Con ese objetivo, realizó en Israel toda clase de prodigios. El primero de ellos fue declarar tres años de terrible sequía sobre la nación (cf. 1 Re 17, 1). Pero al no conseguir la conversión del pueblo se lanzó a un nuevo desafío.
Protagonizando una de las más bellas manifestaciones de la magnificencia divina en la Historia, Elías convocó a una disputa, en lo alto del monte Carmelo, a cuatrocientos profetas baalitas. Se burló de sus vanos esfuerzos por lograr que un ídolo aceptara su sacrificio y, a continuación, elevando el corazón al Señor en una simple oración, hizo bajar fuego del cielo, el cual no sólo consumió el holocausto, sino también la leña y las propias piedras del altar que había construido. Después de este espectáculo, con apoyo del pueblo estupefacto arrastró a los sacerdotes inicuos al torrente de Quisón y allí los ejecutó (cf. 1 Re 18, 19-40).

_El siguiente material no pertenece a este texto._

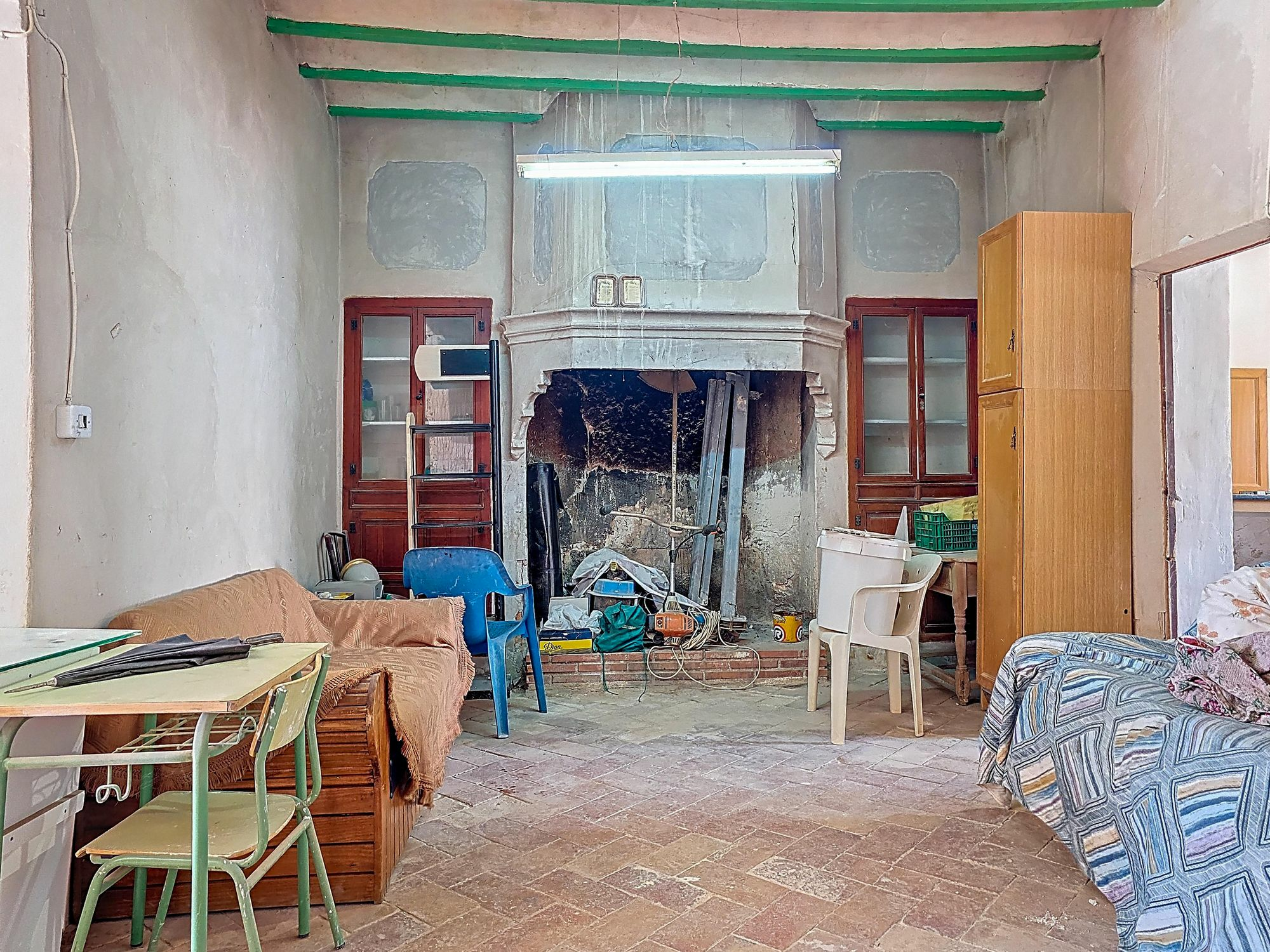 tn_IZ575-13-318626 5-bedroom Country House In Pinoso, Spain (260 M²)
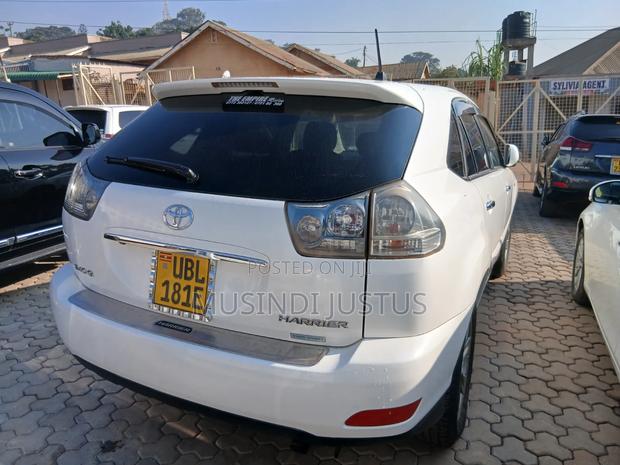Toyota Harrier 2008 White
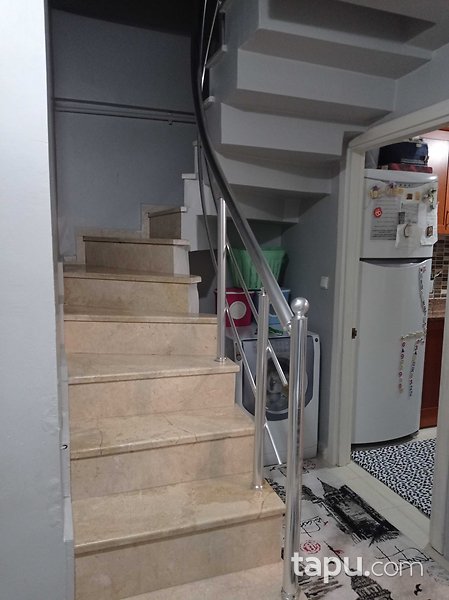 Küçükçekmece'de Deniz Manzaralı Teraslı 3+1 Dubleks Daire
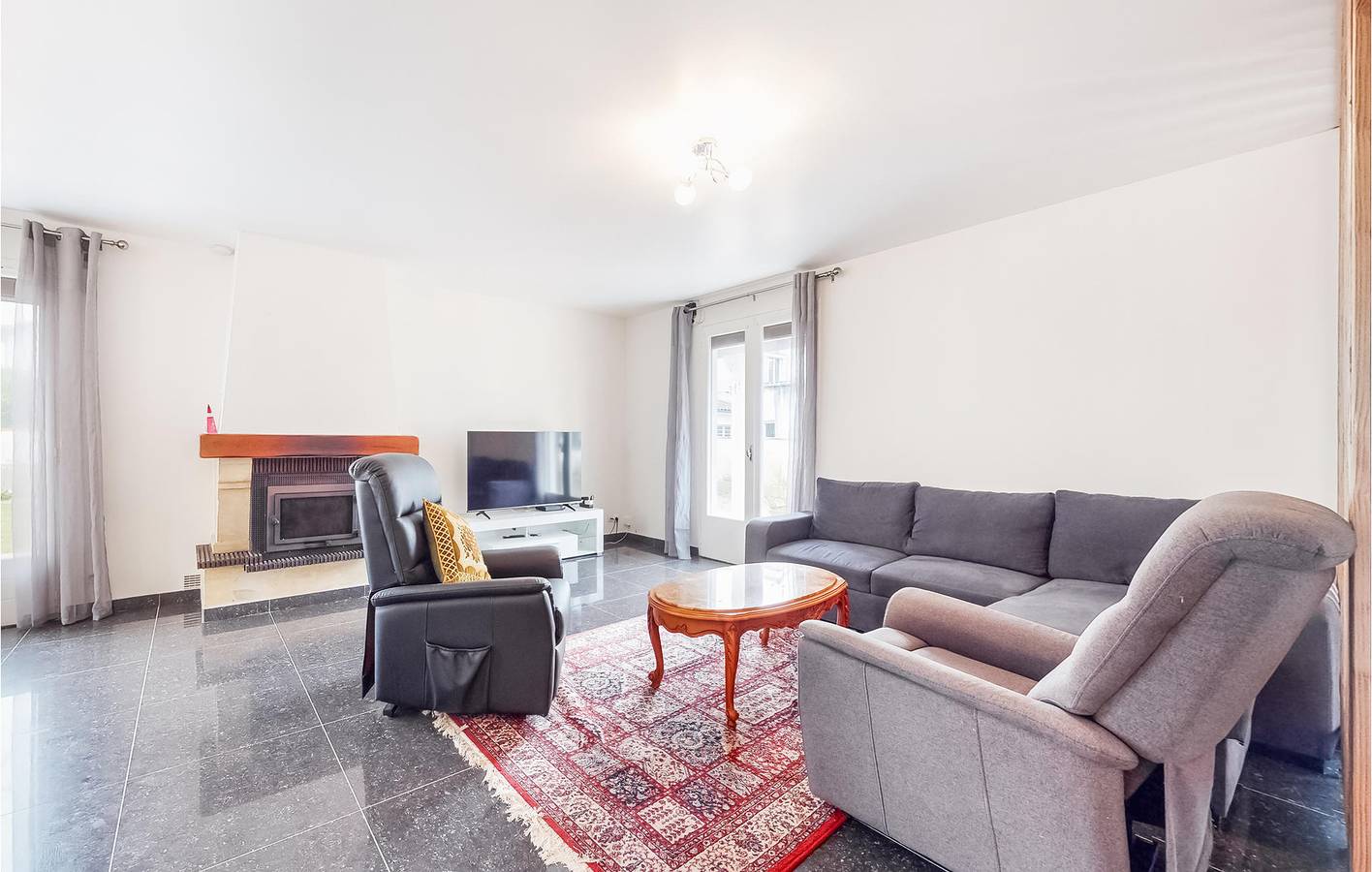 Appartement de charme avec parking, jardin et TV - 700m de Médis in Médis, Côte de Beauté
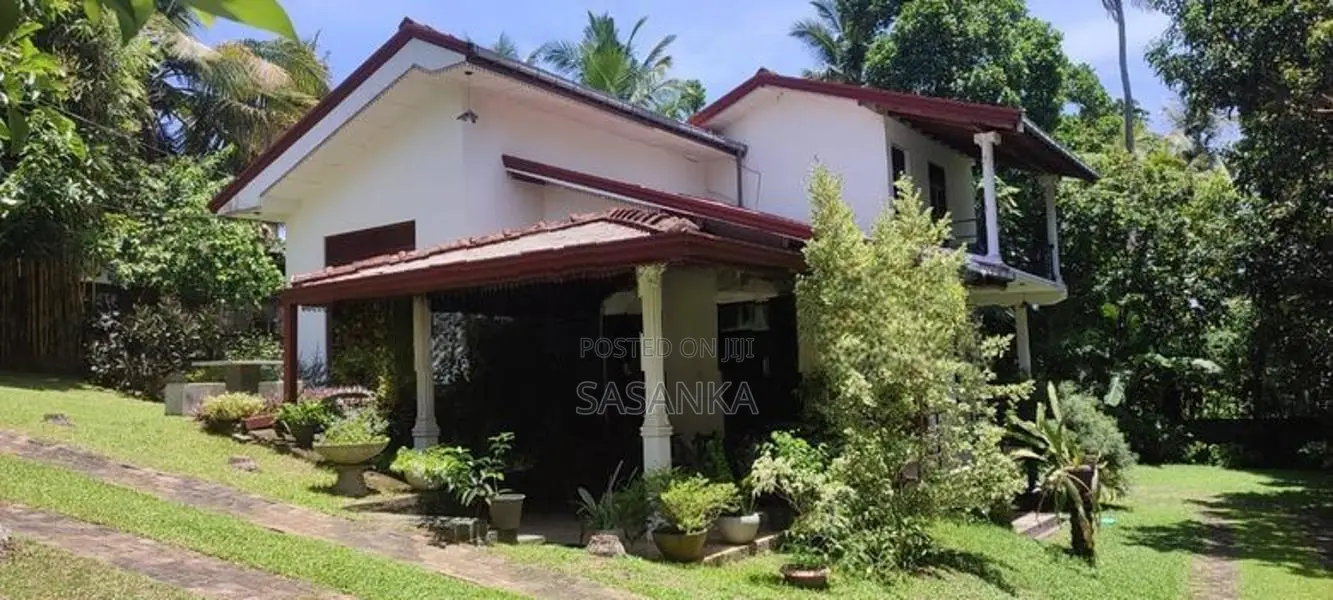 Panadura Prime Location 57 Perches Luxury House For sale
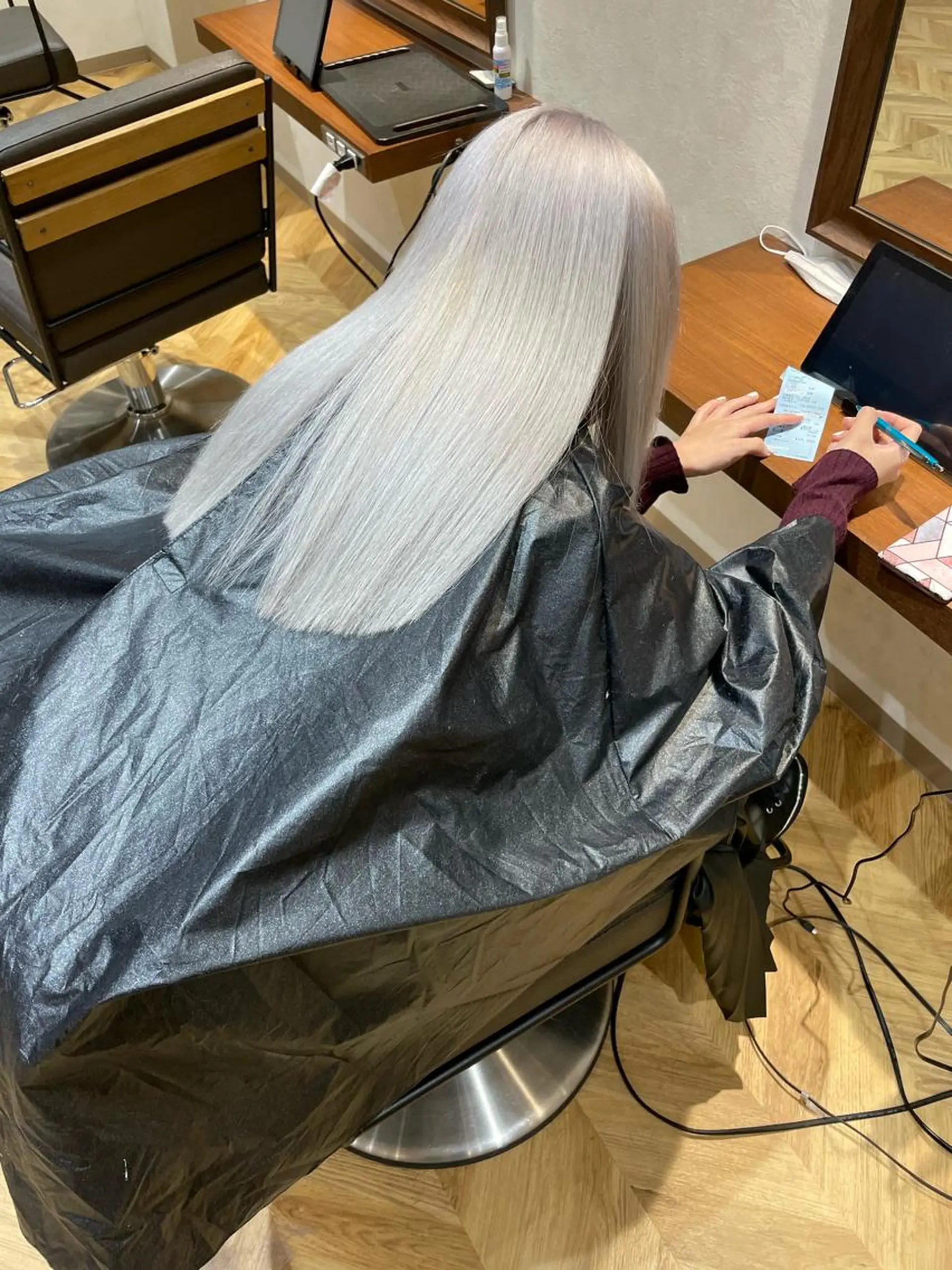 ロング ViVIE所属・VIVIE天神 ブリーチのヘアスタイル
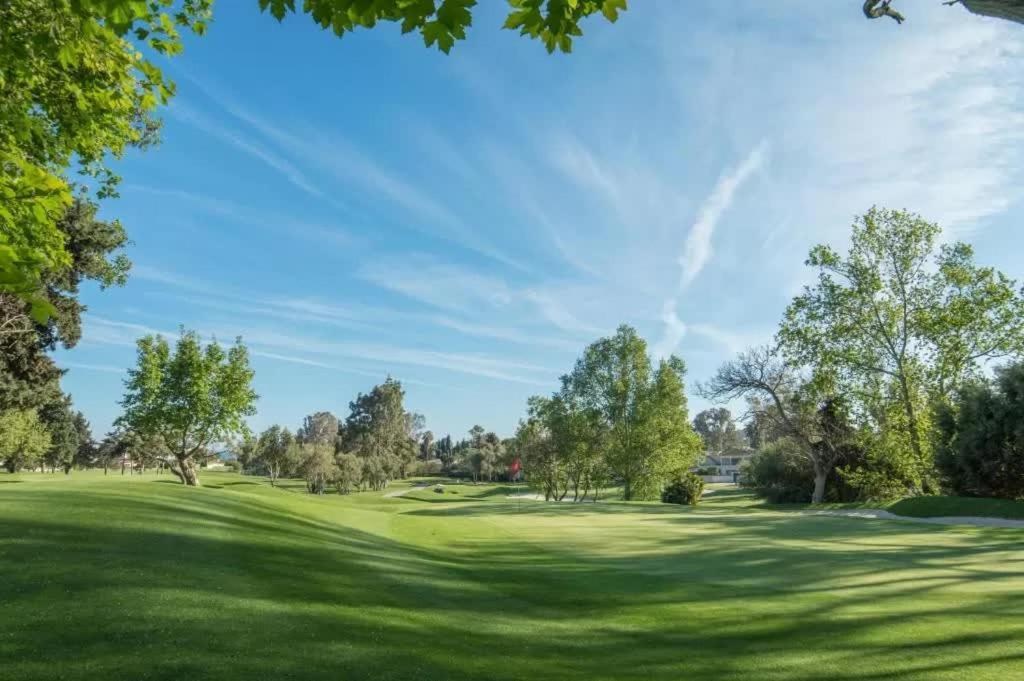 Appartement En Residence Pierre Et Vacance Au Golf Biscarrosse Εξωτερικό φωτογραφία
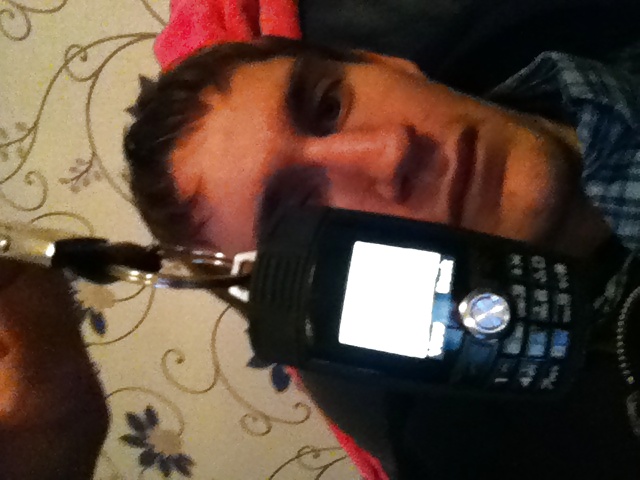 Guess who texting #13966522
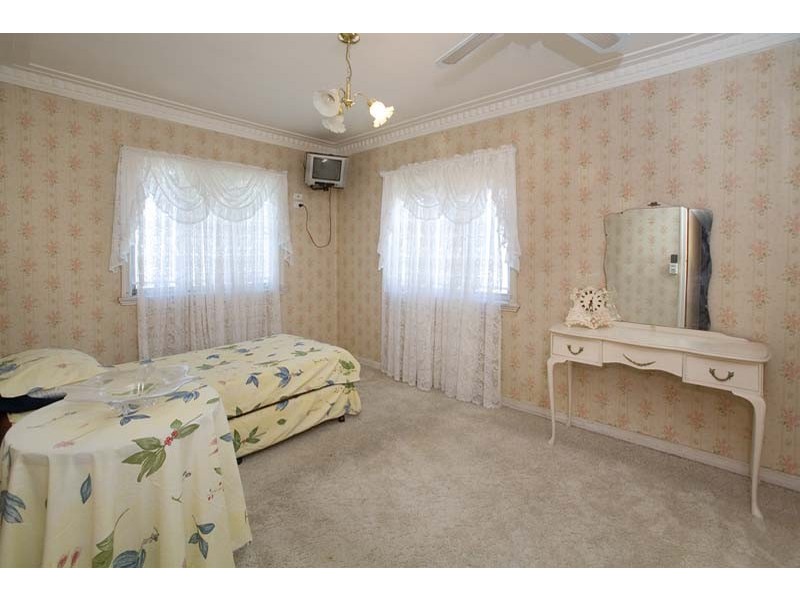 8 Lochrae Street, Wavell Heights QLD 4012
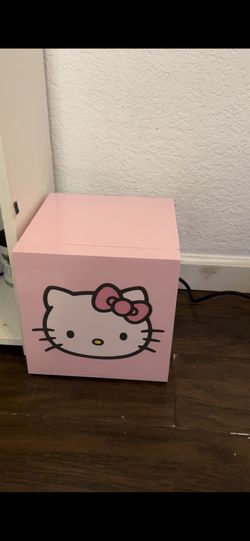 Hello Kitty Fridge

Tal actitud despertó todavía más la furia de Jezabel y el varón de Dios se vio obligado a huir de su presencia, para que no lo matara. Refugiado en el monte Horeb, recibió del Señor la orden de ungir a Eliseo como profeta en su lugar (cf. 1 Re 19, 16), y poco después, habiendo enfrentado aún a Ajab y a su hijo Ocozías por última vez, fue arrebatado de la tierra en un misterioso carro de fuego (cf. 2 Re 2, 11).
Se diría que la gran misión de Elías quedó incompleta. A fin de cuentas, Jezabel no fue destronada ni Israel abandonó la idolatría, pese a todos los signos realizados por su intercesión. Parece una contradicción que fuera sacado del mundo en el auge de su trayectoria.
San José, protector del Hombre Dios
Arrebatado igualmente al Cielo en un momento supremo, no por un torbellino, sino por la más santa de las muertes, lo fue el guardián de dos grandes tesoros del universo: San José.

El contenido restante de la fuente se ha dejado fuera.